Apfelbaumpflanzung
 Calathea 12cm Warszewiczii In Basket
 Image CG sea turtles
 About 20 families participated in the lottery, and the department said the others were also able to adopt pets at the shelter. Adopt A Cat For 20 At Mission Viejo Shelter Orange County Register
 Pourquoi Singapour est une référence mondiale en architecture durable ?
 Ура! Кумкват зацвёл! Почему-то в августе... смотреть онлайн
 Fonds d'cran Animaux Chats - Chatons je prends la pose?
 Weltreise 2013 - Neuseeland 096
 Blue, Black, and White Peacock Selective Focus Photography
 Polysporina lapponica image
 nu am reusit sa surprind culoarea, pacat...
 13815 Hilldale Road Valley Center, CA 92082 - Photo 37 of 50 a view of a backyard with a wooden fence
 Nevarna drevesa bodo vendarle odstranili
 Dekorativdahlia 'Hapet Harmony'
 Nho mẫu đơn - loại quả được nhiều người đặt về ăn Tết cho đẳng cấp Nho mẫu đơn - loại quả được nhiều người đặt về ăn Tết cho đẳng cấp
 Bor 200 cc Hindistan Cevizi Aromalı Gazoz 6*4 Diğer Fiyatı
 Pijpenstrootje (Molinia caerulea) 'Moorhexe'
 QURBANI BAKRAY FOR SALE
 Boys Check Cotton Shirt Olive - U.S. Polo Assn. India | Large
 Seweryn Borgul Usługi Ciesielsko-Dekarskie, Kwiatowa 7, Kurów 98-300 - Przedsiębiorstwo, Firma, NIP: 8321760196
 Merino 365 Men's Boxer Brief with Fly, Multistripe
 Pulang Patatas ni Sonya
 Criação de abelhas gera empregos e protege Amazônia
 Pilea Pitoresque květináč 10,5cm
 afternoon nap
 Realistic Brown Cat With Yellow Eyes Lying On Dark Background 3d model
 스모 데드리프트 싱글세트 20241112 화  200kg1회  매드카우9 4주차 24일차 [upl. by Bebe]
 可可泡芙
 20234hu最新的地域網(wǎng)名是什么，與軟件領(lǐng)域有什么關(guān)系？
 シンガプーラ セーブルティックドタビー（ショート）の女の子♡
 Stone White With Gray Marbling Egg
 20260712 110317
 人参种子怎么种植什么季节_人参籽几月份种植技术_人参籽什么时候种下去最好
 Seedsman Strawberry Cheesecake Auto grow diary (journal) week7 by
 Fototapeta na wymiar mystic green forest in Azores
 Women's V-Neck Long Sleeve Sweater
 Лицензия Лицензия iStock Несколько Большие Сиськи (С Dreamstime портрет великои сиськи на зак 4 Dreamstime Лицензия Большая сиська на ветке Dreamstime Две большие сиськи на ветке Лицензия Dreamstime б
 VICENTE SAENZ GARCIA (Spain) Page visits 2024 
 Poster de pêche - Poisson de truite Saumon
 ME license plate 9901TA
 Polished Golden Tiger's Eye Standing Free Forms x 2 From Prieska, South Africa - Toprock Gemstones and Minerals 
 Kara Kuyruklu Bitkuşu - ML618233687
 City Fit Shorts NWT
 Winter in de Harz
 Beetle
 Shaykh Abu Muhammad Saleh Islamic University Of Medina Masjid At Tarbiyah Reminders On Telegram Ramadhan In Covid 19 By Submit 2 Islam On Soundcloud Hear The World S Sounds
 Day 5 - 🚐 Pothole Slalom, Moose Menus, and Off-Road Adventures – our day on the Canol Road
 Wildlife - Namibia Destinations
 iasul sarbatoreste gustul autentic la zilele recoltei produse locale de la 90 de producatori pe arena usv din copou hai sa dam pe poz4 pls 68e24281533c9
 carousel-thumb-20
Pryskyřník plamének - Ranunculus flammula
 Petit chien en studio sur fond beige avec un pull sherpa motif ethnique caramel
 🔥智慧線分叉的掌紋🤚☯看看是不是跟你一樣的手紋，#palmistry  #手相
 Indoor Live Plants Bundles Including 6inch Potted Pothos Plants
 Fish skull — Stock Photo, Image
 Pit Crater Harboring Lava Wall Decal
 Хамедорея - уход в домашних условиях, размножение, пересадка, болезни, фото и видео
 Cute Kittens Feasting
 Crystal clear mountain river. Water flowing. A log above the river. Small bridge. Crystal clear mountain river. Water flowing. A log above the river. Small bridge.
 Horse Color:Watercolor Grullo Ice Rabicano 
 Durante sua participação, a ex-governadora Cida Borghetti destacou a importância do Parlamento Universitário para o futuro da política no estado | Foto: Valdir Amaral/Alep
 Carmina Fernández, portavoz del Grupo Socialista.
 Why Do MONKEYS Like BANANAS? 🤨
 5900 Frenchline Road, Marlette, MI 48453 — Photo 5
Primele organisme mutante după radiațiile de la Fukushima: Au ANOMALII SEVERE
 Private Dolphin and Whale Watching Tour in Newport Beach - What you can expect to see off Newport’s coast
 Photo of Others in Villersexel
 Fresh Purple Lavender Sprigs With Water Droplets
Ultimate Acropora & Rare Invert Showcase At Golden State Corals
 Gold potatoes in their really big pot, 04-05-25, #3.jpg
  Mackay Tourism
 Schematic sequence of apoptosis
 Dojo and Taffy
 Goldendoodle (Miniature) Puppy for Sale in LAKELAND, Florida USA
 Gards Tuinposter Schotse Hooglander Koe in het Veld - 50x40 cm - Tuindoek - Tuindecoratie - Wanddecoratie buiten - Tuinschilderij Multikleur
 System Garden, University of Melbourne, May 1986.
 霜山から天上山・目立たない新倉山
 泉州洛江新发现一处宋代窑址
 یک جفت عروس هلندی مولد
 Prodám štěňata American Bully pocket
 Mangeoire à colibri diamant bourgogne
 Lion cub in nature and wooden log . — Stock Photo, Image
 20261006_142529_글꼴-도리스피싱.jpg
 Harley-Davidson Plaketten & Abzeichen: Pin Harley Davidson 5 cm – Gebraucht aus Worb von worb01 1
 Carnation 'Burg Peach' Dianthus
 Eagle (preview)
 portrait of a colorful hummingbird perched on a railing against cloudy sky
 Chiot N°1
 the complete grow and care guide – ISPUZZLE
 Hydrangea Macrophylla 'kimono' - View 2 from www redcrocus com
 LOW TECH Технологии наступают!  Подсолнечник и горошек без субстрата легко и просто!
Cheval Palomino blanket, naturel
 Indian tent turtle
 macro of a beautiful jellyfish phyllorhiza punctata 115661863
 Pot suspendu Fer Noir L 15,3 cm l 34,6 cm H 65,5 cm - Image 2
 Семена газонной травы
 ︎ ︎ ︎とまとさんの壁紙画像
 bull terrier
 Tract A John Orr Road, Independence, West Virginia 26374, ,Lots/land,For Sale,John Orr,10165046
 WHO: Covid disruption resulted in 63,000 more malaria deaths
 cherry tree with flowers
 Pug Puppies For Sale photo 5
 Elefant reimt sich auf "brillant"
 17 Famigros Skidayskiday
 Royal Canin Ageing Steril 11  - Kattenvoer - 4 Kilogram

----

REQUIRED ACTION
Set down the full listing a second time, exactly as given.

RESPONSE TO THIS EXERCISE
Apfelbaumpflanzung
 Calathea 12cm Warszewiczii In Basket
 Image CG sea turtles
 About 20 families participated in the lottery, and the department said the others were also able to adopt pets at the shelter. Adopt A Cat For 20 At Mission Viejo Shelter Orange County Register
 Pourquoi Singapour est une référence mondiale en architecture durable ?
 Ура! Кумкват зацвёл! Почему-то в августе... смотреть онлайн
 Fonds d'cran Animaux Chats - Chatons je prends la pose?
 Weltreise 2013 - Neuseeland 096
 Blue, Black, and White Peacock Selective Focus Photography
 Polysporina lapponica image
 nu am reusit sa surprind culoarea, pacat...
 13815 Hilldale Road Valley Center, CA 92082 - Photo 37 of 50 a view of a backyard with a wooden fence
 Nevarna drevesa bodo vendarle odstranili
 Dekorativdahlia 'Hapet Harmony'
 Nho mẫu đơn - loại quả được nhiều người đặt về ăn Tết cho đẳng cấp Nho mẫu đơn - loại quả được nhiều người đặt về ăn Tết cho đẳng cấp
 Bor 200 cc Hindistan Cevizi Aromalı Gazoz 6*4 Diğer Fiyatı
 Pijpenstrootje (Molinia caerulea) 'Moorhexe'
 QURBANI BAKRAY FOR SALE
 Boys Check Cotton Shirt Olive - U.S. Polo Assn. India | Large
 Seweryn Borgul Usługi Ciesielsko-Dekarskie, Kwiatowa 7, Kurów 98-300 - Przedsiębiorstwo, Firma, NIP: 8321760196
 Merino 365 Men's Boxer Brief with Fly, Multistripe
 Pulang Patatas ni Sonya
 Criação de abelhas gera empregos e protege Amazônia
 Pilea Pitoresque květináč 10,5cm
 afternoon nap
 Realistic Brown Cat With Yellow Eyes Lying On Dark Background 3d model
 스모 데드리프트 싱글세트 20241112 화  200kg1회  매드카우9 4주차 24일차 [upl. by Bebe]
 可可泡芙
 20234hu最新的地域網(wǎng)名是什么，與軟件領(lǐng)域有什么關(guān)系？
 シンガプーラ セーブルティックドタビー（ショート）の女の子♡
 Stone White With Gray Marbling Egg
 20260712 110317
 人参种子怎么种植什么季节_人参籽几月份种植技术_人参籽什么时候种下去最好
 Seedsman Strawberry Cheesecake Auto grow diary (journal) week7 by
 Fototapeta na wymiar mystic green forest in Azores
 Women's V-Neck Long Sleeve Sweater
 Лицензия Лицензия iStock Несколько Большие Сиськи (С Dreamstime портрет великои сиськи на зак 4 Dreamstime Лицензия Большая сиська на ветке Dreamstime Две большие сиськи на ветке Лицензия Dreamstime б
 VICENTE SAENZ GARCIA (Spain) Page visits 2024 
 Poster de pêche - Poisson de truite Saumon
 ME license plate 9901TA
 Polished Golden Tiger's Eye Standing Free Forms x 2 From Prieska, South Africa - Toprock Gemstones and Minerals 
 Kara Kuyruklu Bitkuşu - ML618233687
 City Fit Shorts NWT
 Winter in de Harz
 Beetle
 Shaykh Abu Muhammad Saleh Islamic University Of Medina Masjid At Tarbiyah Reminders On Telegram Ramadhan In Covid 19 By Submit 2 Islam On Soundcloud Hear The World S Sounds
 Day 5 - 🚐 Pothole Slalom, Moose Menus, and Off-Road Adventures – our day on the Canol Road
 Wildlife - Namibia Destinations
 iasul sarbatoreste gustul autentic la zilele recoltei produse locale de la 90 de producatori pe arena usv din copou hai sa dam pe poz4 pls 68e24281533c9
 carousel-thumb-20
Pryskyřník plamének - Ranunculus flammula
 Petit chien en studio sur fond beige avec un pull sherpa motif ethnique caramel
 🔥智慧線分叉的掌紋🤚☯看看是不是跟你一樣的手紋，#palmistry  #手相
 Indoor Live Plants Bundles Including 6inch Potted Pothos Plants
 Fish skull — Stock Photo, Image
 Pit Crater Harboring Lava Wall Decal
 Хамедорея - уход в домашних условиях, размножение, пересадка, болезни, фото и видео
 Cute Kittens Feasting
 Crystal clear mountain river. Water flowing. A log above the river. Small bridge. Crystal clear mountain river. Water flowing. A log above the river. Small bridge.
 Horse Color:Watercolor Grullo Ice Rabicano 
 Durante sua participação, a ex-governadora Cida Borghetti destacou a importância do Parlamento Universitário para o futuro da política no estado | Foto: Valdir Amaral/Alep
 Carmina Fernández, portavoz del Grupo Socialista.
 Why Do MONKEYS Like BANANAS? 🤨
 5900 Frenchline Road, Marlette, MI 48453 — Photo 5
Primele organisme mutante după radiațiile de la Fukushima: Au ANOMALII SEVERE
 Private Dolphin and Whale Watching Tour in Newport Beach - What you can expect to see off Newport’s coast
 Photo of Others in Villersexel
 Fresh Purple Lavender Sprigs With Water Droplets
Ultimate Acropora & Rare Invert Showcase At Golden State Corals
 Gold potatoes in their really big pot, 04-05-25, #3.jpg
  Mackay Tourism
 Schematic sequence of apoptosis
 Dojo and Taffy
 Goldendoodle (Miniature) Puppy for Sale in LAKELAND, Florida USA
 Gards Tuinposter Schotse Hooglander Koe in het Veld - 50x40 cm - Tuindoek - Tuindecoratie - Wanddecoratie buiten - Tuinschilderij Multikleur
 System Garden, University of Melbourne, May 1986.
 霜山から天上山・目立たない新倉山
 泉州洛江新发现一处宋代窑址
 یک جفت عروس هلندی مولد
 Prodám štěňata American Bully pocket
 Mangeoire à colibri diamant bourgogne
 Lion cub in nature and wooden log . — Stock Photo, Image
 20261006_142529_글꼴-도리스피싱.jpg
 Harley-Davidson Plaketten & Abzeichen: Pin Harley Davidson 5 cm – Gebraucht aus Worb von worb01 1
 Carnation 'Burg Peach' Dianthus
 Eagle (preview)
 portrait of a colorful hummingbird perched on a railing against cloudy sky
 Chiot N°1
 the complete grow and care guide – ISPUZZLE
 Hydrangea Macrophylla 'kimono' - View 2 from www redcrocus com
 LOW TECH Технологии наступают!  Подсолнечник и горошек без субстрата легко и просто!
Cheval Palomino blanket, naturel
 Indian tent turtle
 macro of a beautiful jellyfish phyllorhiza punctata 115661863
 Pot suspendu Fer Noir L 15,3 cm l 34,6 cm H 65,5 cm - Image 2
 Семена газонной травы
 ︎ ︎ ︎とまとさんの壁紙画像
 bull terrier
 Tract A John Orr Road, Independence, West Virginia 26374, ,Lots/land,For Sale,John Orr,10165046
 WHO: Covid disruption resulted in 63,000 more malaria deaths
 cherry tree with flowers
 Pug Puppies For Sale photo 5
 Elefant reimt sich auf "brillant"
 17 Famigros Skidayskiday
 Royal Canin Ageing Steril 11  - Kattenvoer - 4 Kilogram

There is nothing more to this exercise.